Thursday 2 July 2015

1984

adapted from George Orwell's novel by Robert Icke and Duncan Macmillan

seen at the Playhouse Theatre on 1 July 2015

This production, originally at the Almeida Theatre, is directed by Robert Icke and designed by Chloe Lamford, and it features Matthew Spencer as Winston Smith, Janine Harouni as Julia and Tim Dutton as O'Brien.

The setting is a large wood-panelled room which can serve as office, canteen, shop, or Winston's flat - but our expectations are put into doubt during the opening scene in which Winston begins his forbidden diary, because there seems to be some sort of seminar (whether literary, sociological or historical is unclear) taking place to discuss the provenance of the diary. Some scenes are played out more than once, and Winston is constantly (and plausibly) being asked where he thinks he is. All of this cleverly de-stabilises our sense of the narrative drive, in just the way that Winston's own rewritings and adjustments of historical records (as part of his job) play havoc with the collective memory of what has happened.

The flat in which Julia and Winston try to live without the endemic surveillance of the Party is viewed by us only on film projected above the wood panelling - a subtle clue that surveillance has not been avoided after all.

At various points, blinding white light flashes to disrupt a scene.

Much of this can be played as comedy of course, with the fatuous Parsons extolling his daughter's precocity in scene after scene - until at the final repetition, one of the listeners has completely disappeared and can no longer contribute to the expected conversation. At this stage (at the latest) the audience's laughter can no longer be comfortable.

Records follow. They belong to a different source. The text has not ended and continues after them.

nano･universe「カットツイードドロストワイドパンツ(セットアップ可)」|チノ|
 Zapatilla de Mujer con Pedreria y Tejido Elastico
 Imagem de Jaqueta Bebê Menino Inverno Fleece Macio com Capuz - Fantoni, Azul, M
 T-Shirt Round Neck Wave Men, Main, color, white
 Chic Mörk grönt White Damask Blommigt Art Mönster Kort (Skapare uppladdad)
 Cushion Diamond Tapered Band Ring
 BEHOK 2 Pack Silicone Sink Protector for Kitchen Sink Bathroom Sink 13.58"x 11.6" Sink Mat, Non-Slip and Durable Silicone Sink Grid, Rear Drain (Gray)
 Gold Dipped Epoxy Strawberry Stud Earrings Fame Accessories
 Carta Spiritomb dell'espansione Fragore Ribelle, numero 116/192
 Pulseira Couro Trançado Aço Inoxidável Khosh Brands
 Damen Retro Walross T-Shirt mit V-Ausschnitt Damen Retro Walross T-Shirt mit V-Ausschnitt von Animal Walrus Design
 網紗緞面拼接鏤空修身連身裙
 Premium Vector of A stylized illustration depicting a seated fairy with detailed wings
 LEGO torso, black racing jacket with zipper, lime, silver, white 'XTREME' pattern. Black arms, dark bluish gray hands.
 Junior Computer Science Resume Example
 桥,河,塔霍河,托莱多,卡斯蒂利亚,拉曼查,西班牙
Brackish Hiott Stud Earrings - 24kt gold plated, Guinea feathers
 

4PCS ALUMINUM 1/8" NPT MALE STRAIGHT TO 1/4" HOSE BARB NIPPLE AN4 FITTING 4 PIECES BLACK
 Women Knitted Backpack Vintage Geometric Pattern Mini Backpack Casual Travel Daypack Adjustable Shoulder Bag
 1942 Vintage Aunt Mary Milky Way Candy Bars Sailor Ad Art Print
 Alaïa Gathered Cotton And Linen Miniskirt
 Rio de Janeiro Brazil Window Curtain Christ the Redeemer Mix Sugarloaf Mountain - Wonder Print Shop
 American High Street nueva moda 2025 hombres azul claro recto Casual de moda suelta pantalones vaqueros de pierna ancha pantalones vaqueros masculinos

Any lingering hopes that this is an enjoyable parable are stripped away by the final scenes in which Winston is 'made perfect' by means of agonising tortures. The blackouts and blinding flashes of light are only just able to cover for the horror of O'Brien's relentless breaking of Winston's spirit in a room without darkness - a white space with a white plastic floor onto which the hapless prisoner bleeds and vomits.

This is an extraordinary visualisation of Orwell's novel. Perhaps the only thing missing is Orwell's relentless insistence on the sheer grubbiness of everything in Airstrip One, and the pervading smell of boiled cabbage (Orwell was obsessed with the smells of things as signifiers of mood and of prosperity or the lack of it). The cast are extremely good at conveying the stoical acceptance of oppression which defines their lives.

There is very little comfort. Even the idea that the Party ultimately failed, hinted at by the seminar discussions, is called into question by a final half-swallowed comment by one of the participants.